Of course PreTeXt authors shouldn't modify the LaTeX file once that it is generated, but maybe the conversion PreTeXt->LaTeX->PDF could take this in account. 

If the source contains something like

<m>math</m>-word

then the conversion to LaTeX could produce

\(math\)\nobreakdash-\hspace{0pt}word

Is this possible/reasonable/desirable? Maybe it has been already considered and discarded for good reasons (I searched in the forums but I didn't find anything about this)

Cheers,
Valerio

Sean Fitzpatrick

unread,
Mar 13, 2022, 11:08:52 AM3/13/22
to PreTeXt development
I'll probably get in trouble with Rob and David for saying this, but it's fine to edit your LaTeX.
(Perhaps it's more correct to say authors shouldn't *have* to edit their LaTeX source.)

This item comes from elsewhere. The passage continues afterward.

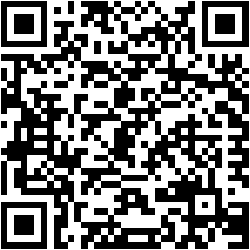 مريم العذراء في الليتورجيا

This sounds like something that could be a general improvement worth implementing.

But when I've got a few tweaks I want to implement in my LaTeX source, I generally ask myself, which is easier:
- implementing the tweak in my LaTeX style sheet (custom xsl)
- running a quick find/replace on the LaTeX source output

Often it's the latter.

--

David Farmer

unread,
Mar 13, 2022, 11:53:54 AM3/13/22
to PreTeXt development

This is a known problem, and it is even worse in the HTML
because if the sentence ends

... therefore <m>x = 1</m>.

the period at the end of the sentence can end up on the next
line.

Alex Jordan is working on this, which means that he has code
which can detect when math is directly adjacent to non-math.
And he has a way to fix it in HTML.

So, it is just a matter of implementing a similar solution
in LaTeX. I suspect the analogue is wrapping the string in a
hbox or something else that does not allow line breaks (but that
is just me speculating).

Note that it is always wrong to hand edit the HTML or LaTeX.
But in rare cases you are stuck doing that because there are
things which are not yet properly implemented in PreTeXt -- so two
wrongs make a right.


On Sun, 13 Mar 2022, Sean Fitzpatrick wrote:

> I'll probably get in trouble with Rob and David for saying this, but it's fine to edit your
> LaTeX.
> (Perhaps it's more correct to say authors shouldn't *have* to edit their LaTeX source.)
>
> This sounds like something that could be a general improvement worth implementing.
>
> But when I've got a few tweaks I want to implement in my LaTeX source, I generally ask myself,
> which is easier:
> - implementing the tweak in my LaTeX style sheet (custom xsl)
> - running a quick find/replace on the LaTeX source output
>
> Often it's the latter.
>
> On Sun., Mar. 13, 2022, 1:01 a.m. gedeoned...@gmail.com wrote:
> Hi devs,it is well known that words like \(F\)-linear are not hyphenated by TeX and
> this could lead to an overfull in output. When you are writing a (La)TeX document the
> typical approach is to check the output and, when an overfull arises, manage the
> single word, possibly inserting the hyphenation points in the word linear by \- or
> (better) by adding a 0-space after the dash 
>
> \(F\)-\hspace{0pt}linear 
>
> or (even better) use a \(0\)-space and \nobreakdash- from amsmath
>
> \(F\)\nobreakdash-\hspace{0pt}linear
>
> (the last solution avoids hyphenation just after the dash).
>
> Of course PreTeXt authors shouldn't modify the LaTeX file once that it is generated, but
> maybe the conversion PreTeXt->LaTeX->PDF could take this in account. 
>
> If the source contains something like
>
> <m>math</m>-word
>
> then the conversion to LaTeX could produce
>
> \(math\)\nobreakdash-\hspace{0pt}word
>
> Is this possible/reasonable/desirable? Maybe it has been already considered and discarded
> for good reasons (I searched in the forums but I didn't find anything about this)
>
> Cheers,
> Valerio
>
> --
>
> --
> You received this message because you are subscribed to the Google Groups "PreTeXt development"
> group.
> To unsubscribe from this group and stop receiving emails from it, send an email to
> pretext-dev...@googlegroups.com.
> To view this discussion on the web visithttps://groups.google.com/d/msgid/pretext-dev/CAH%2BNcPa2hPwXsQGwaKSTTSZ-eUCQfexYA%2BSjg%3DUfZJN
> K4K-x0Q%40mail.gmail.com.
>
>

Rob Beezer

unread,
Mar 13, 2022, 12:04:24 PM3/13/22
to prete...@googlegroups.com
This one has been delayed, for no particular reason.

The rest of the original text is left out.